Manuel Teixeira, que se deslocou esta sexta-feira ao Hospital Pêro da Covilhã, “de forma veemente” assegurou que nenhuma valência vai ser retiradas aos três hospitais da região. Para aquele membro do Governo “O Interior já tem problemas que cheguem”.

Confrontado com as preocupações da região pelo facto da portaria que reclassifica os hospitais não especificar as valências de obstetrícia e pediatria nas unidades classificadas no grupo 1 “todas as da Beira Interior”, o governante garante que a portaria não coloca em causa a rede de materno- interno-infantil da região.

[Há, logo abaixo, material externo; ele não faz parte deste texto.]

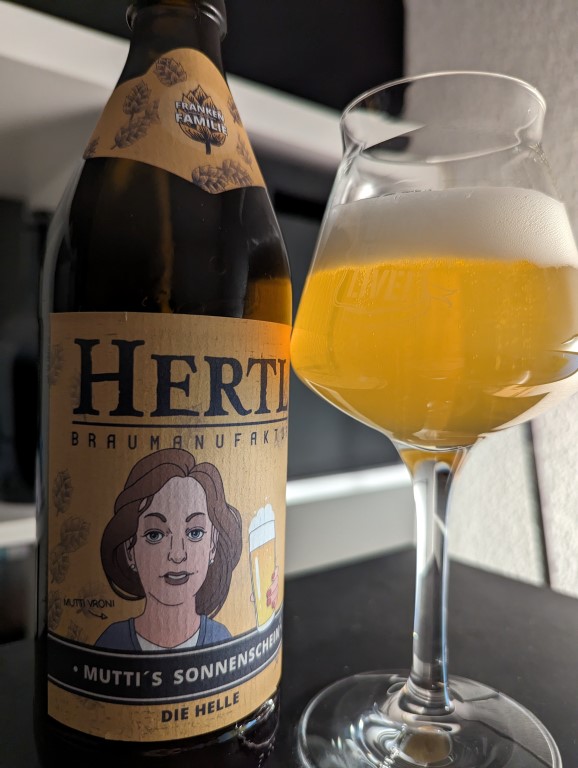 Hertl Muttis Sonnenschein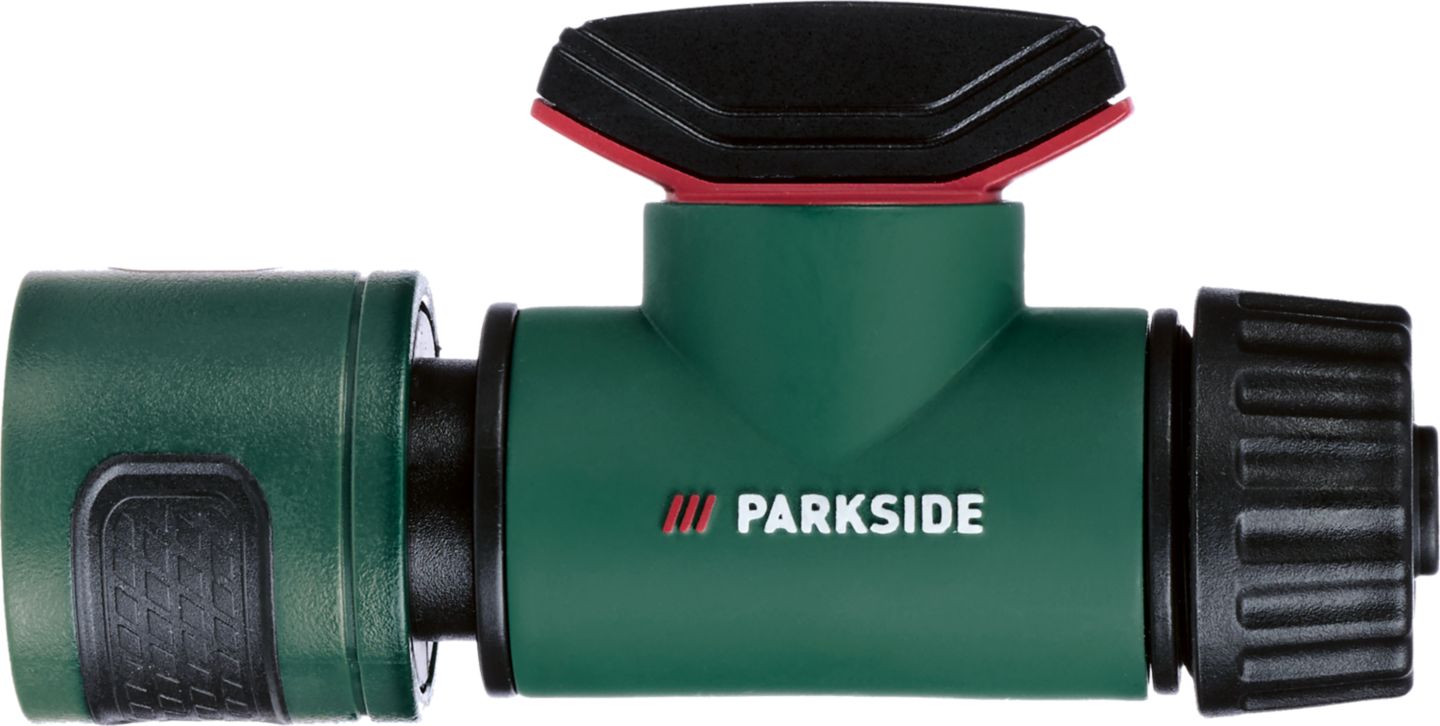 Parkside Regulator za vrtno crijevo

“Eu queria ser veemente e queria convencer de forma absoluta: Não faz sentido nenhum dizer que a portaria não prevê obstetrícia nos hospitais do grupo 1, não faz sentido nenhum. A portaria, se for bem lida, afirma uma série de valências que são obrigatórias e depois outras e apenas explicita algumas, diz nomeadamente. E quando o Governo diz que a rede materno-infantil não está em causa é porque está a dizer que nesse nomeadamente a pediatria e a obstetrícia é uma valência que fica onde está”, explica o membro do Governo. Perante a insistência dos jornalistas, Manuel Teixeira foi claro, “a portaria não põe em causa a rede materno-infantil da região. O interior já tem problemas que cheguem. Nós não queremos introduzir mais problemas. As maternidades ficam abertas onde estão. As restantes valências que o hospitais da Cova da Beira, Castelo Branco e Guarda que têm de forma articulada para permitirem a formação na faculdade mantém-se”, refere o secretário de estado da saúde. Para o presidente do conselho de administração do CHCB o encerramento da maternidade nunca esteve em causa. “Eu li a portaria de forma diferente de muitas pessoas porque tinha informações das ações que estão a ser desenvolvidas dentro do Ministério da Saúde em relação à articulação e reorganização da carteira hospitalar. O que tem sido assumido por todos os responsáveis, incluindo das ULS de Castelo Branco e da Guarda, CHCB e até o ACES Cova da Beira, porque tenham a certeza que está ser construída uma aliança de saúde para a Beira Interior, estamos no bom caminho para atingir esse objetivo, é que as valências são para ficar de forma a dar resposta às necessidades dos cidadãos da região, e com a máxima segurança. Estamos a trabalhar para isso. Também ficaram acauteladas as valências para o ensino que aqui existe”, refere Miguel Castelo Branco.